Vishwanath Grid is the work of an academic federation, and it should be run like one. This page sets out how the project is governed and what each partner can expect to see in public.

If you are landing on this page first, the short version: Vishwanath Grid is a research-computing cluster that several Indian universities run together. The pilot site is live at MIT-WPU Pune; everything in the software stack is open-source.

How decisions are made today

In Phase 0 the project is operated by the research-computing group at the MIT World Peace University, Pune, under the direction of the founding faculty. Day-to-day operational decisions — what software to run, how to schedule jobs, when to do maintenance — sit with this group.

That is the right structure for the pilot. It is not the right structure for a multi-university federation, and it is not the structure we intend to keep.

How decisions will be made in Phase 1 onward

Once the federation includes two or more partner universities, the project moves to a written governance structure with three layers.

1. Partner advisory committee

One representative per partner university.
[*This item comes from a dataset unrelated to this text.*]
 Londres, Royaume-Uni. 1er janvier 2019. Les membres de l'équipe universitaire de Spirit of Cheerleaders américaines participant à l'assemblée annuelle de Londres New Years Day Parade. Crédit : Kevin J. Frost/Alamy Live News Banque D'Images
Sets technical and operational policy: queue rules, software-stack selection, hardware-refresh timing, acceptable-use enforcement, capacity sharing.

The committee meets quarterly. Decisions need a simple majority; on items that affect a specific partner's hardware, that partner holds a veto.

2. Operations team

The engineers and system administrators who actually run the cluster — one or two from each partner site, plus the research-computing group at MIT-WPU during the bootstrapping phase. The operations team is accountable to the partner advisory committee.

3. Foundation board

A formal academic board with representatives from partner universities and external advisors. Sets long-horizon strategy: which universities to add, how to evaluate funding offers, how the federation relates to national HPC bodies. The board meets twice a year.

This three-layer structure is conventional for academic federations — it mirrors how international research collaborations like the Worldwide LHC Computing Grid and the Open Science Grid are organised, at our (much smaller) scale.

Memoranda of understanding

Every partner signs a short written agreement before contributing hardware to the federation. The agreement covers, at minimum:

  • Contribution. What hardware the partner provides and where it physically sits.
  • Access. Which researchers at the partner site get access, and how their accounts are provisioned.
  • Acceptable use. Common-sense restrictions: no commercial workloads, no cryptocurrency mining, no data subject to export controls without prior review.
  • Resource accounting. What numbers each partner gets back — per-user, per-project, per-month.
  • Exit. How a partner removes their hardware and people from the federation cleanly. No vendor-style lock-in; a partner can leave on three months' notice.

The current template is held by the operations team; copies are shared with prospective partners during onboarding conversations.

Transparency

Every partner sees:

  • Who ran what, where. Per-job accounting visible to the partner site that owns the hardware.
  • Aggregate utilisation. A public Grafana dashboard with cluster-wide summary metrics, refreshed on a short cadence.
  • Issue tracker. Forgejo issues is the public record of bugs, feature requests, and operational incidents.

We intend to publish a brief annual report beginning with the end of Phase 0 — covering uptime, total compute-hours served, research outputs that touched the cluster, and a public summary of finances. The first report will appear once Phase 0 has a full year of operations behind it.

Acceptable use

The current acceptable-use policy in summary:

Allowed Not allowed
Research workloads connected to a partner-site research group Commercial workloads
Coursework and student projects at partner sites Cryptocurrency mining
Teaching and reproducibility of public research Workloads attempting to circumvent identity controls
Open-source development that benefits the cluster itself Storing personal data without an explicit research justification

A full written policy is in preparation as part of the Phase 1 governance formalisation. Until that lands, anything not obviously in one column should be raised with the operations team.

Reporting a concern

If you believe the cluster is being misused, or you have a governance concern that the operations team has not addressed, the escalation path is the general contact address. Mark the subject governance; the message routes to the founding faculty and (once formed) the partner advisory committee.

We treat governance reports the same way a serious academic institution treats them — promptly, in writing, and with the reporter's confidentiality protected by default.